The way to avoid certain disaster is to gently but firmly refuse his pleas and leading statements. Trust me, this will make your relationship with him far more rewarding in the long run.

I’m glad we’ve had the opportunity to chat about this. Just so we’re clear: no more early snow just because Liam’s asking for it. Pretty and/or decorative snow after the first of November is more acceptable, but really, the serious stuff doesn’t have to happen till December.

Best,

Autumn

P.S.: Really enjoyed the sun this fall. Nice work.

Weekend Roundup

As much as I would love this to be detailed, point form is the only way I’m going to be able to record it and still have time for, you know, breathing.

FRIDAY:

Morning: Running errands. The boy dawdles and doesn’t listen to repeated instructions, and develops a very annoying pattern of taking six steps then falling to his knees, hanging off my hand. Despite this, he is in a good mood. I carry him bodily out of Sears and give him a sound talking-to back at the car. We do not find the birthday gift we planned to pick up. Also, somewhere during the very first stop I lose the list detailing All The Other Things We’re Supposed To Pick Up. Ergo, I forget them. We do, however, acquire a ball for the boy to bring out to the country with us (see ‘Saturday,’ below).

Afternoon: Arthur comes to visit!!! (And we get to briefly see Curtana too.) For the rest of the day we have two giggly boys who bound through the house, build fantastic train layouts, and make loud but enthusiastic music. Dinner, bath, jammies, then a special treat of curling up on the chesterfield under a throw with bowls of popcorn and a brand new Thomas hour-long film to watch, which means Liam gets to stay up and hour and a bit past his bedtime. (Thank you, Pierce Brosnan, for making the narration not completely irritating to listen to.) Arthur is collected at a quarter to nine. Liam is sad but the fun they had during the day wins out mood-wise. The boy falls dead asleep at nine on the dot. Wow.

SATURDAY:

Morning: HRH heads out to get the oil changed and to pick up the housewarming gift I forgot on Friday. He comes back to collect us, we put a wee bit of gas in the car, and grab breakfast for the trip out to the Coalition Stronghold. I figure out that the reason I’m squinting is because I forgot to put my glasses on before we left, and naturally I don’t carry my extra pair any more. Back home; pick up glasses; hit highway. Liam pulls out his blanket and BunBun, arranges himself, and falls asleep at 10:45. Argh! HRH and I enjoy the drive to Maxville, appreciating the autumn trees and the golden sun. The boy wakes up when we turn onto a gravel road. Well, at least he got about seventy minutes of sleep. Too bad it was two hours early.

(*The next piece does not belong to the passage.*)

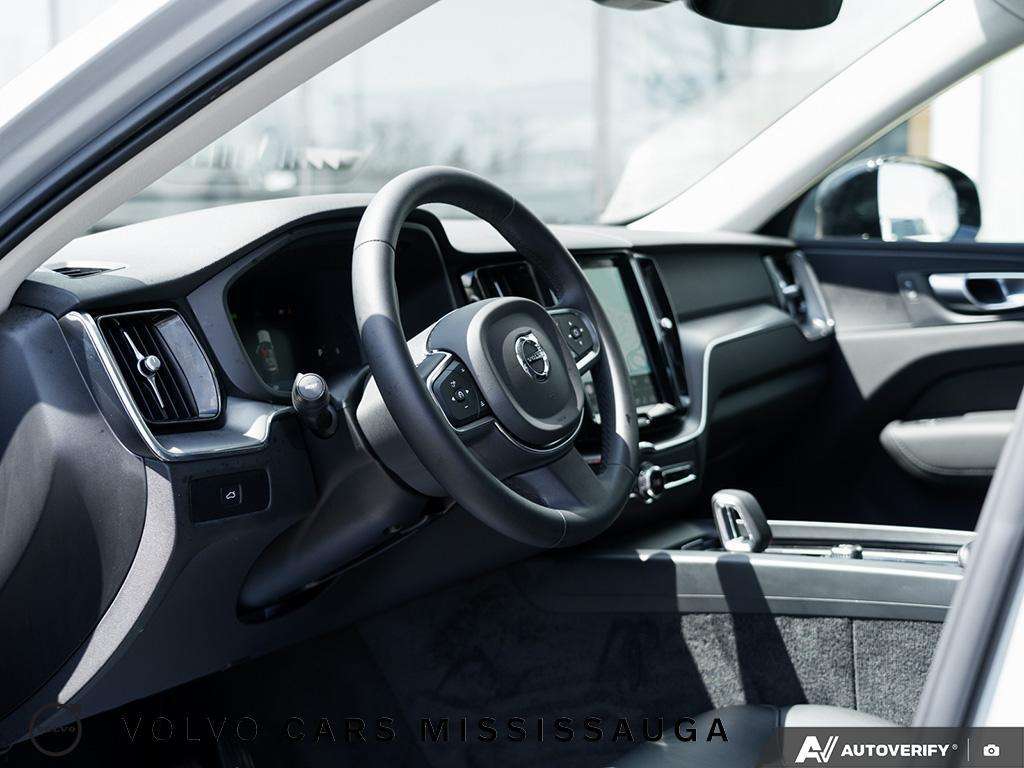 2024 Volvo XC60 B5 Core Low Mileage thumb 13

Afternoon: We relax at the Coalition Stronghold, the new abode of t! and Jan. We have the place and out hosts to ourselves for a while before the next car shows up. In the meantime the boy’s track is set up and the trains run, and HRH and I are handed bottles of beer that we cannot find in Quebec. Yay, colonial loyalty! More friends show up; there are hugs and news exchanged. HRH, the boy, and I go for a walk into the back forty behind the Coalition Stronghold through mowed and unmowed fields to see the pond. There are no ducks on said pond, which disappoints the boy mightily. When back, I try to get the boy to lie down for a nap. It might have succeeded if someone hadn’t opened the closed door while exploring the house, causing Liam to jump up and greet them enthusiastically. Ah well. There is food that mysteriously aggregates on the dining room table, and an impromptu Scrabble game that Lu wins. More friends show up, just as we leave to be home in time for a proper wind-down, dinner, bath, and bed. We bring our winter order of organic beef home with us; the size of the roasts and hamburger packages are perfect. Our chest freezer is full. We will have to shift things or pack them in canny fashion in order to fit the 15ish pounds of pork we have coming in soonish as well. We also gas up in Ontario. Gas for under a dollar a litre! Whee!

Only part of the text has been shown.